AUTHORLINK: What had you written and/or published before that and how did that help?

MAUM: I had a lot of dark humor pieces, a self-published short story collection, a chapbook that had won a prize, I did a lot of reading series, had essays and short stories published, too. I had a lot of published work and that certainly allowed interested agents to experience my voice and, in some cases, see the way that people reacted to my voice (because they could track how a given piece performed online).

AUTHORLINK: What was something that surprised you the most after your first novel sold? What were some new unexpected occurrences after later books?

“…it means you write because you believe in what you are writing, …”

MAUM: Definitely the most surprising thing was that it was just as hard as ever to write! Maybe even harder because I had set an expectation. And I had a contract—my second novel was sold on a partial (this means a few chapters) and I had a year to deliver it. My agent told me a year was simply not enough time to write a book, but I was feeling cocky. But my agent was right. I actually ended up entering a depression and missing my book deadline. Life doesn’t stop just because you are a novelist, you know? Your friendships sour, loved ones get sick, in my case, I lost a pregnancy—stuff happens, and you need to learn how to write anyway. And then—this is the tough thing—you hope this thing you wrote will sell. The marketability question is a gruesome one. It’s been a tough four years. There is so much instability on an international scale, politically, environmentally, in health, you name it, that it has pretty much become impossible to forecast how any given book will do. That is hard to accept. But it’s kind of beautiful, because it means you write because you believe in what you are writing, not because you think your book will sell.

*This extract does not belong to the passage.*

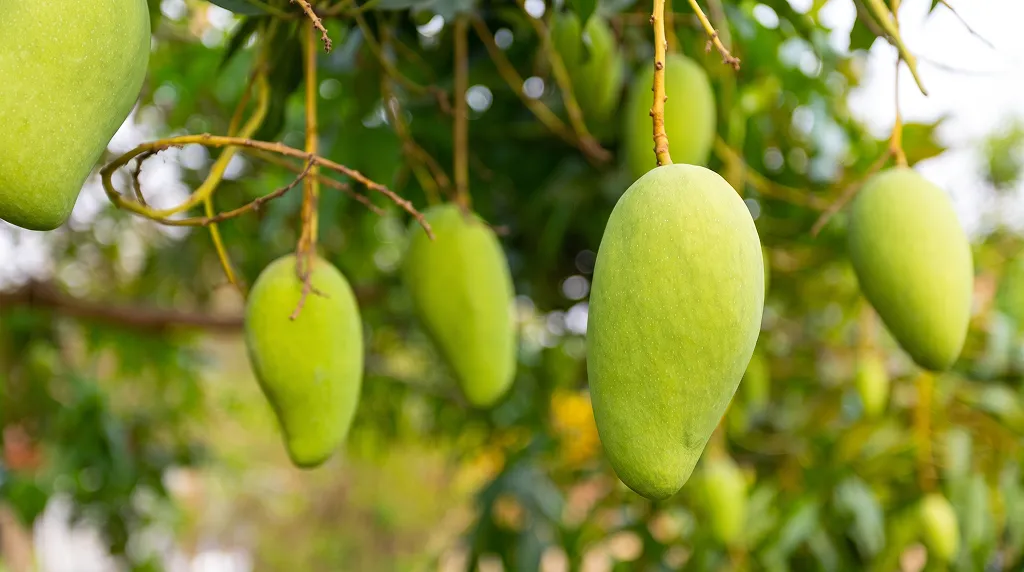 From Local Orchards To International Markets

AUTHORLINK: What are you working on next?

MAUM: I’m working on completing an essay for Halimah Marcus’s forthcoming anthology Horse Girls and I’m gearing up for a major revision on a memoir I have a first draft of. I’m also continuing to send out my newsletter “Get Published, Stay Published.” It’s free and it has writing and publishing tips, and creativity-during-COVID tips, too. People can sign up via if they are interested!

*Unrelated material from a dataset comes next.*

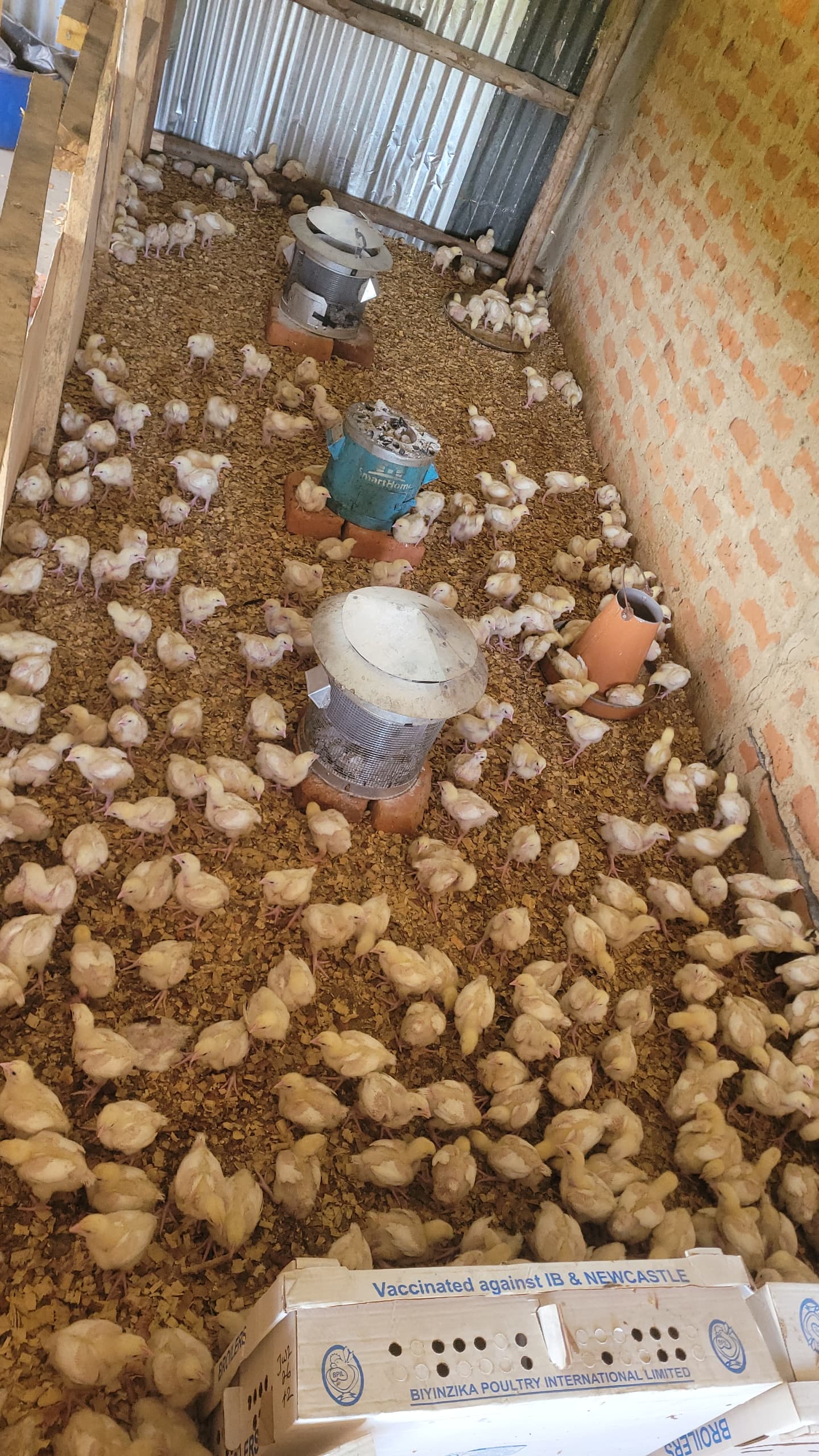 200 broiler chicks in the brooder house, delivered vaccinated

About the Author: Courtney Maum is the author of three novels, Costalegre, Touch, and I Am Having So Much Fun Here Without You. She has also authored a chapbook, Notes from Mexico, and numerous works in publications such as The New York Times, O, The Oprah Magazine and BuzzFeed. She also founded a learning cooperative called The Cabins and works as a publishing consultant and product namer. She lives in Connecticut.